- Developer(s): Firefly Studios
- Publisher(s): Gamecock Media Group
- Writer(s): Rhianna Pratchett
- Engine: Trinigy
- Platform(s): Microsoft Windows, Xbox 360
- Release: Cancelled
- Genre(s): Role-playing
- Mode(s): Single-player

= Dungeon Hero =

Cancelled video game

Dungeon Hero was a role-playing video game under development by Firefly Studios. It had been in development for several years and had been scheduled to be released in 2009 for Microsoft Windows and Xbox 360. Originally being published by Gamecock Media Group until they were bought out by SouthPeak Games in October 2008. Firefly Studios announced that the title was originally put 'on hold', before being cancelled.

==Gameplay==
Dungeon Hero featured strategic hack-and-slash gameplay with role-playing game (RPG) elements. The game took place in a retro-modern world during a massive war. Most of the game took place above ground fighting for the goblin cause.
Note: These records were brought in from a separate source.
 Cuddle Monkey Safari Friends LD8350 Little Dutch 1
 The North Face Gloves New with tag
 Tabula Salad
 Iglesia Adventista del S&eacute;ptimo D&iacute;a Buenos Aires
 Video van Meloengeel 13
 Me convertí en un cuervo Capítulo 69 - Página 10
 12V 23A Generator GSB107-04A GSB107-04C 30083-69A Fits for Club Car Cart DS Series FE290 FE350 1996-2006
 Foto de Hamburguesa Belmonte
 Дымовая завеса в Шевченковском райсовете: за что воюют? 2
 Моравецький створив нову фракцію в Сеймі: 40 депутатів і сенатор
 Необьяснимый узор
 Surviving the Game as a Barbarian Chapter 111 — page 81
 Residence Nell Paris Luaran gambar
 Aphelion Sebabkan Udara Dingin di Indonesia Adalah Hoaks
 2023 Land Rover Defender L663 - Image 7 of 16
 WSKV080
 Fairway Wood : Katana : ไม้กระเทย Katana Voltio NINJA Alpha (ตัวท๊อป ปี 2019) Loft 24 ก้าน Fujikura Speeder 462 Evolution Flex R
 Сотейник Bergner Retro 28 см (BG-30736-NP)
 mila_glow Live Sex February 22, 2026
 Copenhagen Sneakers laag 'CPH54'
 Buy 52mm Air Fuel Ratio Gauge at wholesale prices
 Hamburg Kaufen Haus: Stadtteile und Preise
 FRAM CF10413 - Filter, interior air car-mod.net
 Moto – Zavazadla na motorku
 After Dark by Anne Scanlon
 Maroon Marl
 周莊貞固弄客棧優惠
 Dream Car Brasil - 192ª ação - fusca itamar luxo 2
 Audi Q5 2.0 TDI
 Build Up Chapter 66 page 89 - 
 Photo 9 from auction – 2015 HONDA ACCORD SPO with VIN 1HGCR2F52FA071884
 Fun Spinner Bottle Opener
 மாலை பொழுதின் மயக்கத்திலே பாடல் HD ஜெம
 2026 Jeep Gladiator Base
The beginning of the game was placed in one of the goblin's fortified locations, or dungeon, where a goblin hospital has been set up. The task of the player was to help the goblins win their war in exchange for your freedom.

==Plot==
The player is a Mercenary and has come across a goblin city, looking for treasure. However, the goblin city is under attack and the goblins hire the mercenary to help them. As the mercenary, you must help the goblins defend their home from hordes of enemies.